Content starts
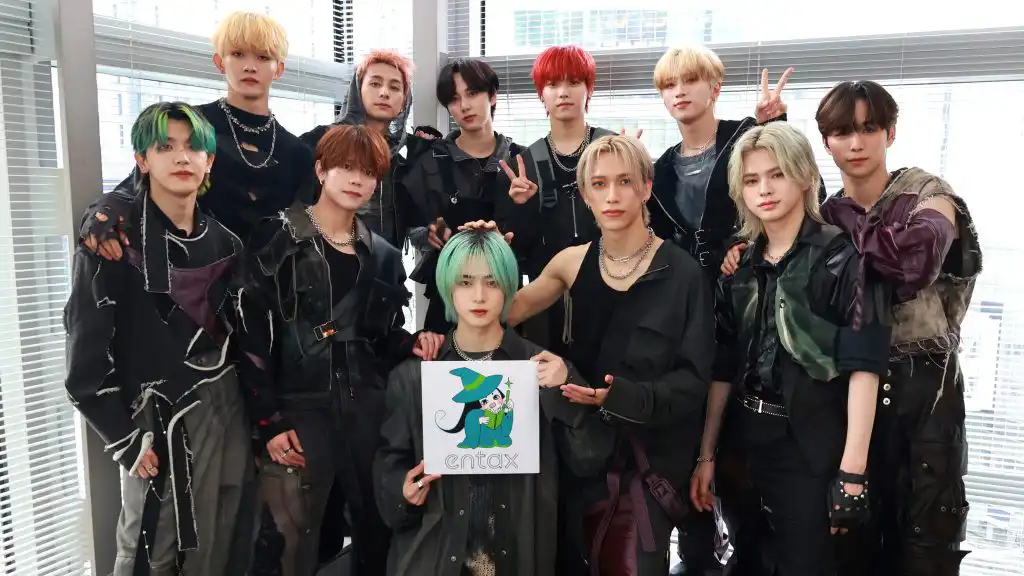 【INI】 ダイカットクッション　匠海/威尊/迅/理人/豊凡/雄大 INI】 ダイカットクッション 匠海/威尊/迅/理人/豊凡/雄大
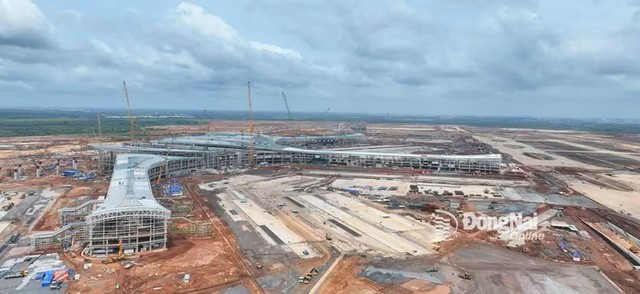 Siêu dự án hạ tầng hơn 16 tỷ USD lớn nhất VN: 900 nhân lực, 40 mũi thi công liên tục ngày đêm làm đường băng - Ảnh 1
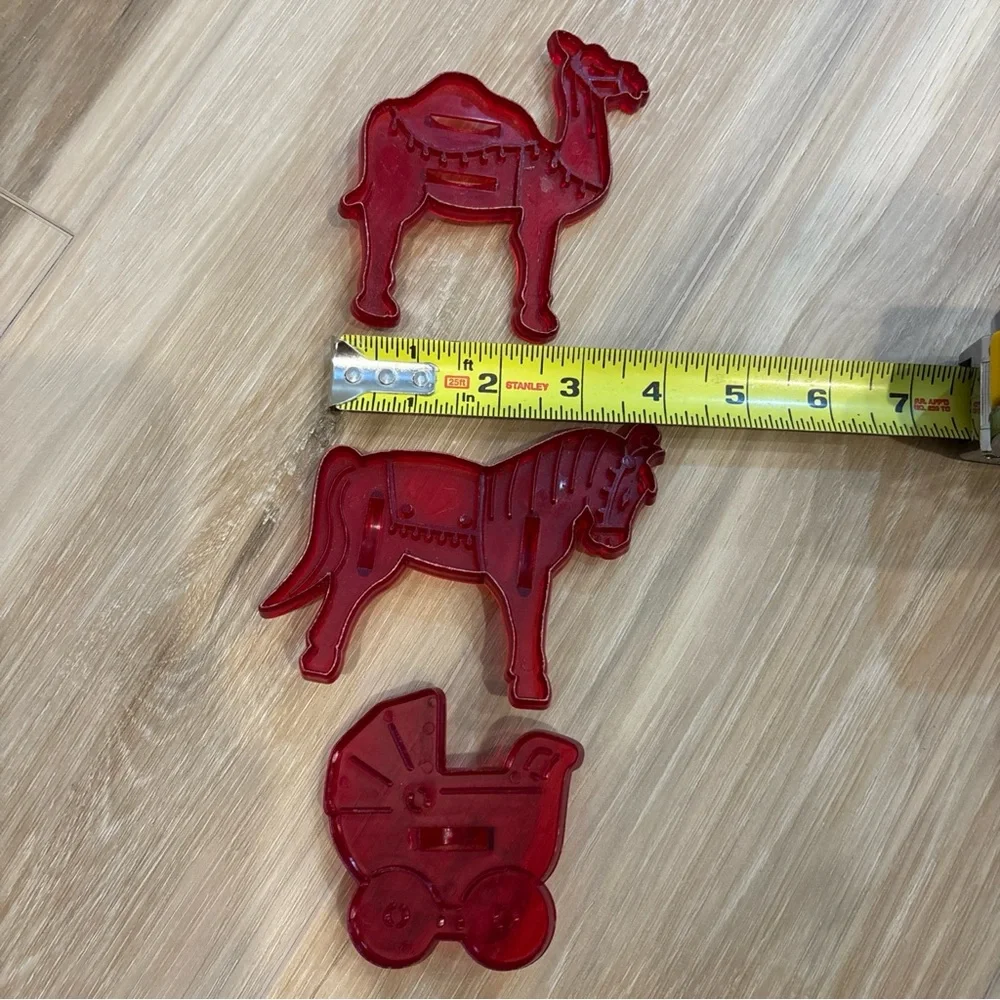 3 Vintage cookie cutters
Content ends
- **Problem to work on**
Word for word, return the material, omitting the pictures.

- **Your solution**
 【INI】 ダイカットクッション　匠海/威尊/迅/理人/豊凡/雄大 INI】 ダイカットクッション 匠海/威尊/迅/理人/豊凡/雄大
 Siêu dự án hạ tầng hơn 16 tỷ USD lớn nhất VN: 900 nhân lực, 40 mũi thi công liên tục ngày đêm làm đường băng - Ảnh 1
 3 Vintage cookie cutters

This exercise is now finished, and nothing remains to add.